Central Square

     The central square is officially known as the Square of the Fighters for Soviet Power in the Far East.  It began to take shape in the 1960s when the decision was made to construct a square over the slope facing the Bay of the Golden Horn; because of its hilly terrain, Vladivostok did not at that time have a spacious meeting-ground.

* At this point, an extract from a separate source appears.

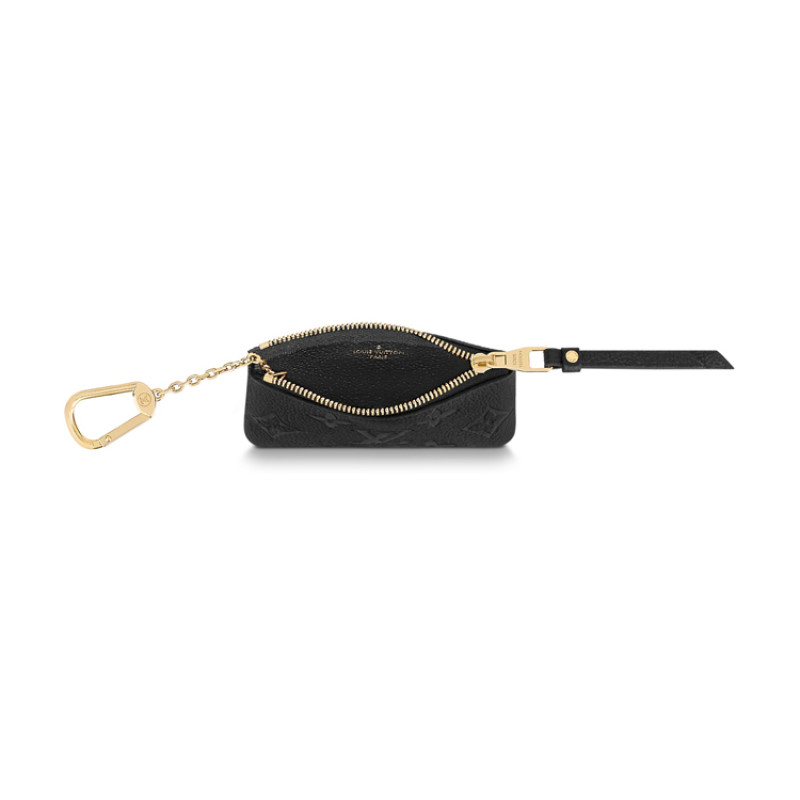 LOUIS VUITTON Monogram Key Pouch Epi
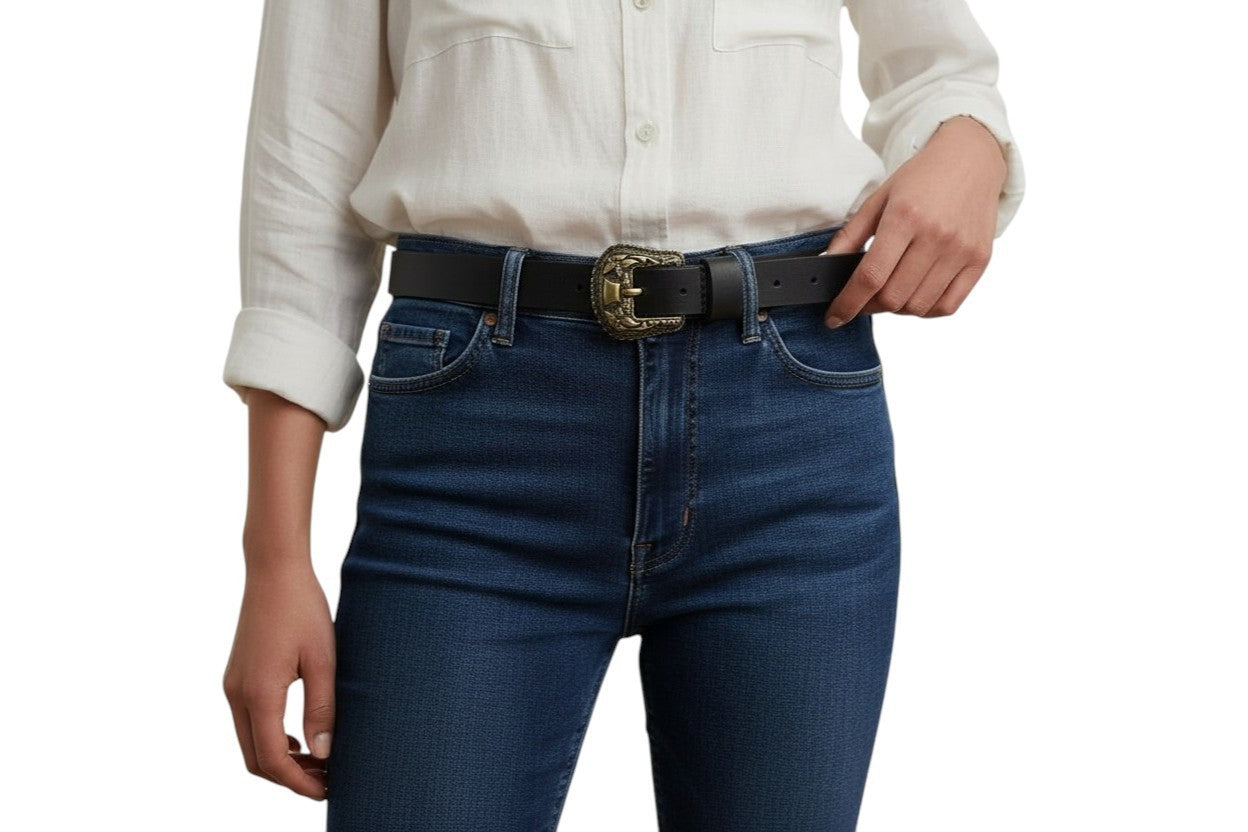 DIESEL B-Texy moteriškas diržas 85 cm juodas odinis plonas dirželis metalinė sagtis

     Vladivostok’s central square was built in two stories with a chess club on the ground floor. Reflecting the far-reaching changes that Russia is currently experiencing, this space is now allotted to a large covered shopping mall.  In the center of the square stands the monument to The Fighters for Soviet Power in the Far East.  The construction of this ensemble was entrusted to A. Teneta, an Honored Artist of the Russian Federation; it was unveiled in 1961.  Designed in the form of a classical triangle, the monument includes a multifigured composition at its base and vivid side figures; but the central focus is on a trumpeter.  This figure was chosen as a symbol of the new, Soviet, power because a trumpeter is believed to have headed the column of the People’s Revolutionary Army that liberated Primorye from interventionists and years of Civil War (on October 25, 1922); Soviet power was then proclaimed in the whole region.  Facing the ocean--which is the tradition in seaports--the trumpeter holds a banner in his right hand and the instrument in his left.  The monument became a symbol of Vladivostok, and the trumpeter is often depicted on pins.